The display unit 706 is used to display information input by the user or information provided to the user. The display unit 706 may include a display panel 7061, and the display panel 7061 may be configured in the form of a liquid crystal display (LCD), an organic light-emitting diode (OLED), etc.

The user input unit 707 may be used to receive inputted numeric or character information, and generate key signal input related to user settings and function control of the terminal. Specifically, the user input unit 707 includes a touch panel 7071 and other input devices 7072. The touch panel 7071, also called a touch screen, can collect user touch operations on or near it (for example, the user uses any suitable objects or accessories such as fingers, stylus, etc.) on the touch panel 7071 or near the touch panel 7071. operating). The touch panel 7071 may include two parts, a touch detection terminal and a touch controller. Among them, the touch detection terminal detects the user's touch position, detects the signal brought by the touch operation, and transmits the signal to the touch controller; the touch controller receives the touch information from the touch detection terminal, converts it into contact coordinates, and then sends it To the processor 710, the command sent by the processor 710 is received and executed. In addition, the touch panel 7071 can be implemented in multiple types such as resistive, capacitive, infrared, and surface acoustic wave. In addition to the touch panel 7071, the user input unit 707 may also include other input devices 7072. Specifically, other input devices 7072 may include, but are not limited to, a physical keyboard, function keys (such as volume control buttons, switch buttons, etc.), trackball, mouse, and joystick, which will not be repeated here.

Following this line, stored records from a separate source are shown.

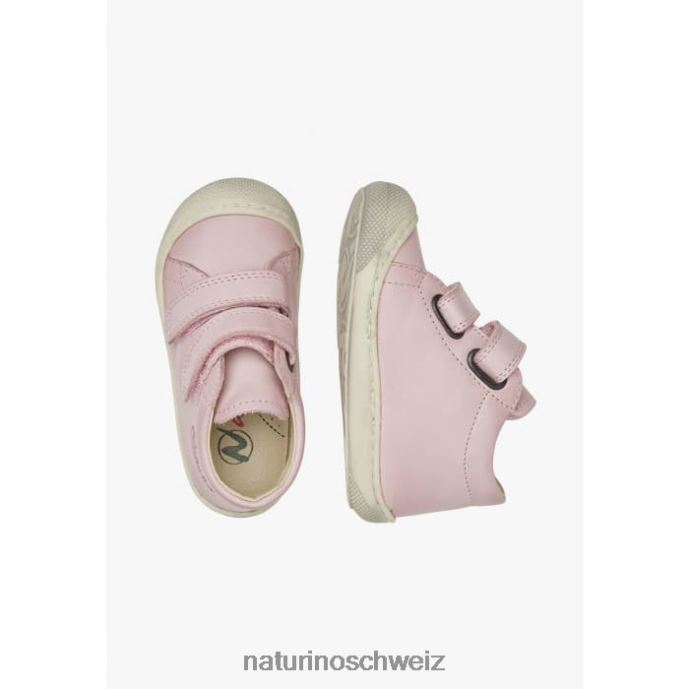 Naturino Kokon vl Erste-Schritte-Schuhe aus Nappaleder Kinder Rosa 66HJ267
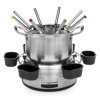 APPAREIL A FONDUE INOX 1.2L/toto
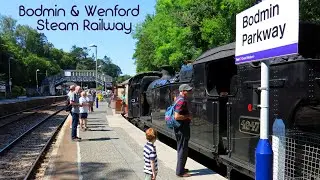 Bodmin & Wenford Railway, Cornwall
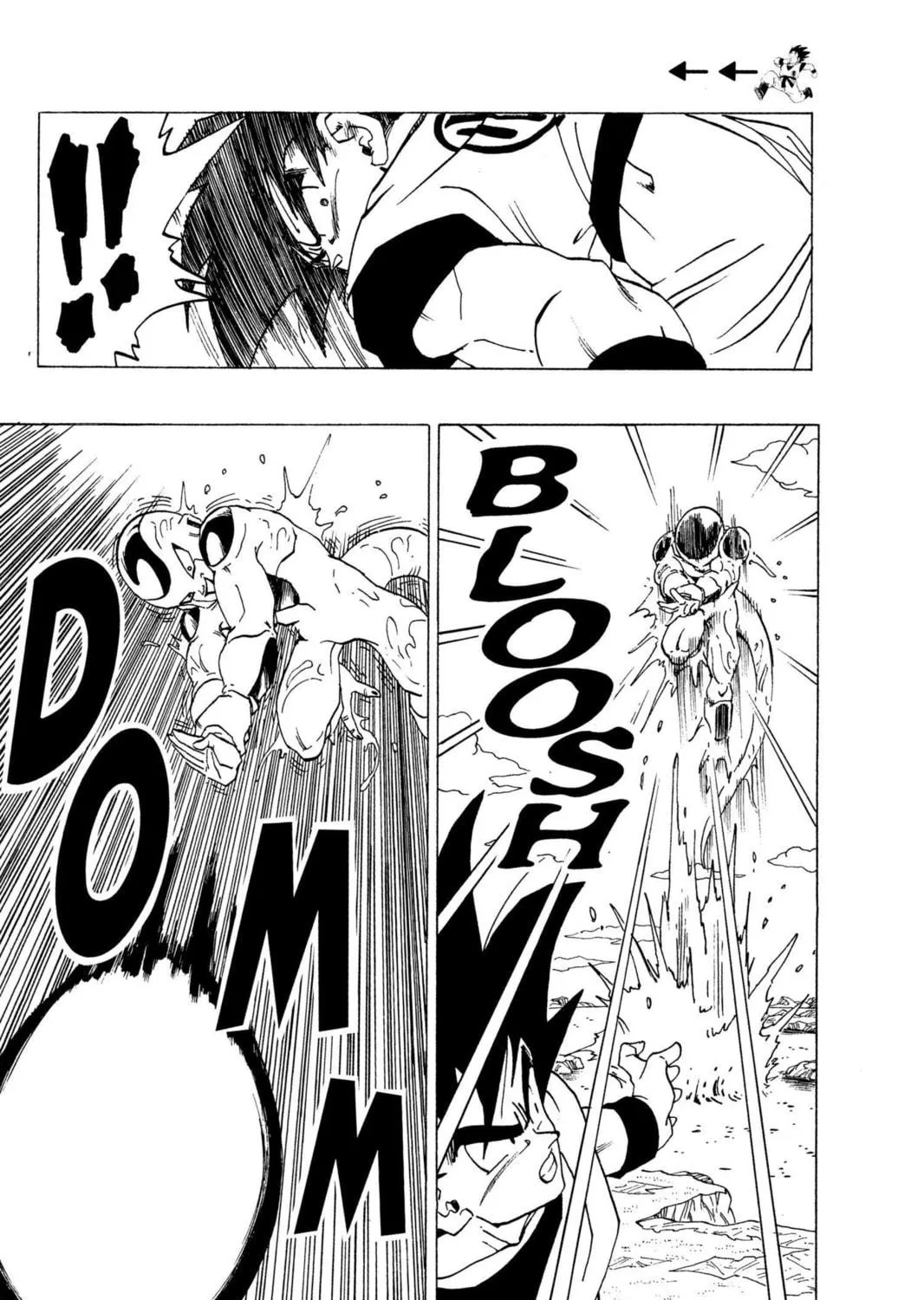 Read Dragon Ball Z chapter 114 image 22 on Lezhin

Further, the touch panel 7071 can be overlaid on the display panel 7061. When the touch panel 7071 detects a touch operation on or near it, it transmits it to the processor 710 to determine the type of the touch event. The type of event provides corresponding visual output on the display panel 7061. Although the touch panel 7071 and the display panel 7061 are used as two independent components to realize the input and output functions of the terminal, in some embodiments, the touch panel 7071 and the display panel 7061 can be integrated to realize the input and output of the terminal. The output function is not limited here.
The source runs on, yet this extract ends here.